Den Haag – “In het Koninkrijk delen we een verleden én een toekomst. Na ruim tien jaar economische stagnatie en de klappen van orkanen, een pandemie en andere crises wil Nederland op voet van gelijkwaardigheid, wederkerigheid en wederzijds vertrouwen zich inspannen voor een betere, hoopvolle toekomst voor het gehele Koninkrijk.” Met deze woorden begint de vandaag op Prinsjesdag gepresenteerde begroting 2023 voor Koninkrijksrelaties en het BES-fonds.

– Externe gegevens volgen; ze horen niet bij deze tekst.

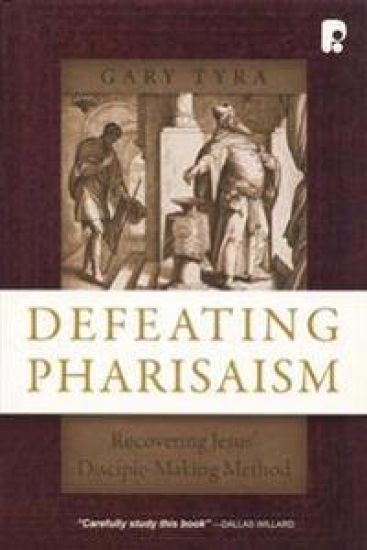 Defeating Pharisaism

“Het kabinet zet zich in 2023 dan ook in om Caribisch Nederland een gelijkwaardig deel van Nederland te laten zijn. De uitdagingen op Bonaire, Sint Eustatius en Saba zijn groot: de fysieke infrastructuur is nog niet op orde, maar bovenal is de diepgewortelde armoede een grote bron van zorg. De mondiale ontwikkelingen, zoals de stijging van prijzen, treffen veel inwoners van Caribisch Nederland hard. In 2023 worden belangrijke stappen gezet om de verschillen in (sociale) voorzieningen met Europees Nederland te verkleinen. De in het Coalitieakkoord ter beschikking gestelde middelen van structureel € 30 mln. spelen hierbij een belangrijke rol. Om de levenstandaard van de inwoners van Bonaire, Sint Eustatius en Saba te verbeteren, kunnen en moeten de overheden beter presteren. Dat geldt voor de rijksoverheid zelf (in Caribisch Nederland én Den Haag), de openbare lichamen en voor de samenwerking tussen rijksoverheid en openbare lichamen. Een belangrijke rol hierin spelen de in 2023 te maken bestuurlijke afspraken met de nieuwe bestuurscolleges, na de eilandsraadverkiezingen van 2023.

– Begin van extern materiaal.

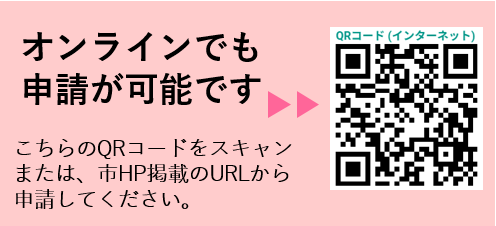 QRコード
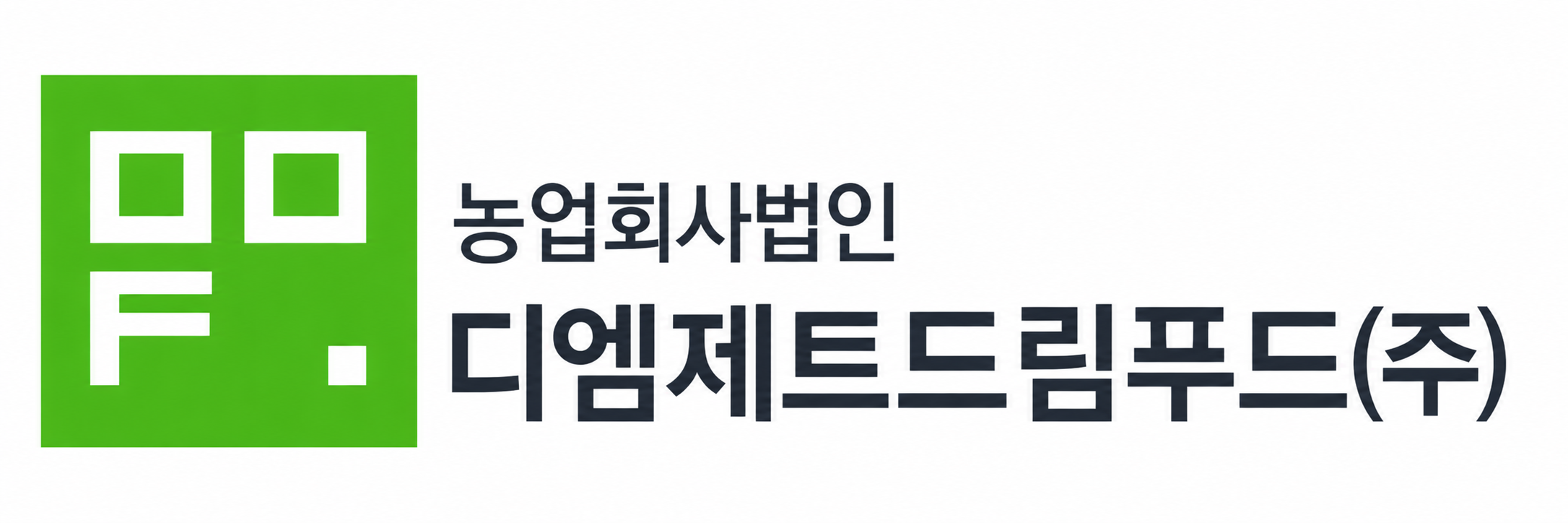디엠제트드림푸드(주)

Ook spant het kabinet zich in 2023 in voor de drie autonome landen. Onderdeel van de inzet van het kabinet is om de samenwerking met en tussen de drie Landen op de langere termijn te bevorderen. Hiertoe streef het kabinet ernaar uitvoering te geven aan de motie van Raak c.s. (Kamerstukken II, 2018-2019, 35099, nr. 23) en in gezamenlijk overleg tot een nadere invulling te komen van de verantwoordelijkheden van de landen afzonderlijk en het koninkrijk als geheel. Uitgangspunt blijft uiteraard dat de drie landen staatkundig autonoom zijn en een eigen verantwoordelijkheid hebben. In lijn met het Statuut voor het Koninkrijk der Nederlanden kunnen de landen rekenen op hulp en bijstand, wanneer daarom verzocht en passend binnen de kaders van gemaakte afspraken. Een voorbeeld van huidige samenwerking is te vinden bij de landspakketten.”